My traveling suburban sales escapades took me into the dens of many of them.
$20 Golf Card: Two Rounds of Golf for the Price of One Round
I probably only made more sales than the golf card on one other campaign which means that I was in my second most happiest and rapturous state during this sales expedition – and I was beginning to hate the job at this stage. I think I quit a few months later.
The golf course that we were marketing is still one of Melbourne’s finest. Any avid golfer knew it. Any avid golfer wanted to be a member – if only they could afford the hefty green fees. We were offering 2 for 1 rounds, and discount meals at the club and no obligation to sign up as a full member. Add that to flogging this stuff off in a fairly well-to-do suburb and you’re bound to smile at people’s smiles.
It was late afternoon and I was in high tidal spirits after selling the majority of the cards in my possession. An hour left before knock-off and I would cash in my dredges. I entered a large house with an enormous porch via the tall front gate, however it looked a little neglected. I instantly experienced warning auras, a cloudy sourness clung to the yard. I walked up about ten steps to the porch landing and knocked on the door.

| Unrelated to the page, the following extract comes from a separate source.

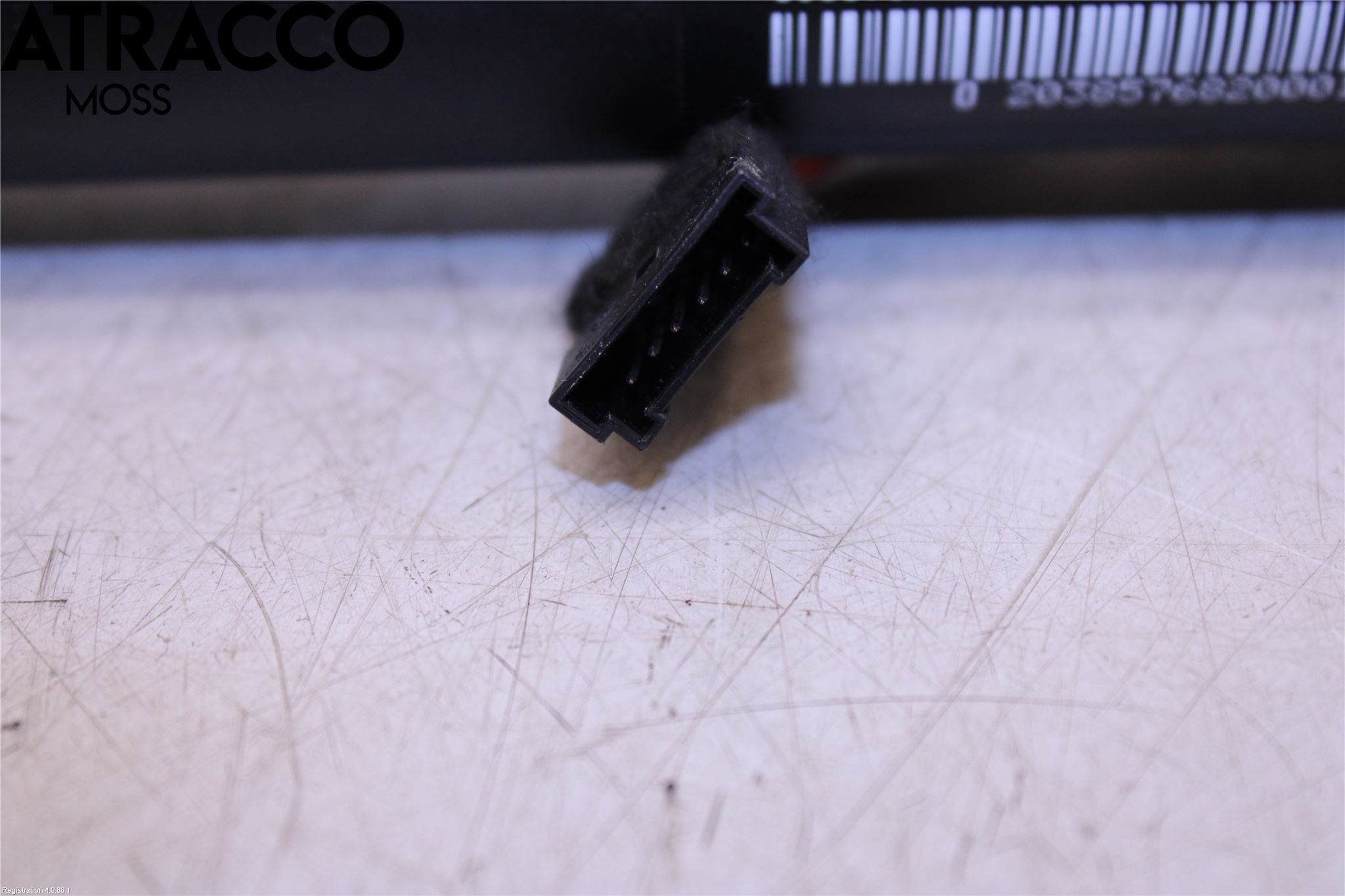 BMW X1 F48 15-22 Bakluke Demper-Gassfjær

Well, no I didn’t, there was a bell – so I rang it. A burly man with a frizzy jaw of beard answered behind a security door and I noticed there was a greedy looking Rottweiler at his side. He welcomed me with an icy stare and waited for me to greet him. I knew this was a dead sale, possibly a dead moment where I was at risk of joining the moment.
“Hi there, my name is Ma -”
“I don’t care what your name is.”
“Ok, I’ll be ten seconds…..I’m just here on behalf of the ‘such and such’ golf course and flogging these cards that will give you – ”
“Golf?” His eyes burned menace. He looked down at his Rottweiler and declared, “Terence and I say golf is for faggots.”
I don’t know why I spurted out the reply I gave to confront his and Terence’s distaste for golf. Maybe it was because his insolently discriminative tone offended my juvenile maturity; even though it was I that was trespassing on his rights.
“So, should I put the card in your or Terence’s name?” I replied, with stupid smugness.
“Mate, you have ten seconds to get your skinny arse off my porch or Terence will……”
I didn’t catch the rest as I was already at the bottom of the porch steps and swimming through the air and gravel for that front gate. I didn’t look behind me until I got to the gate and just as I closed it Terence rocketed into it.
Had I been a couple of years wiser I would have turned around and humbly left. When I think of that occasion, that is my most compelling thought, but my secondary compelling thought is, who names their dog ‘Terence?’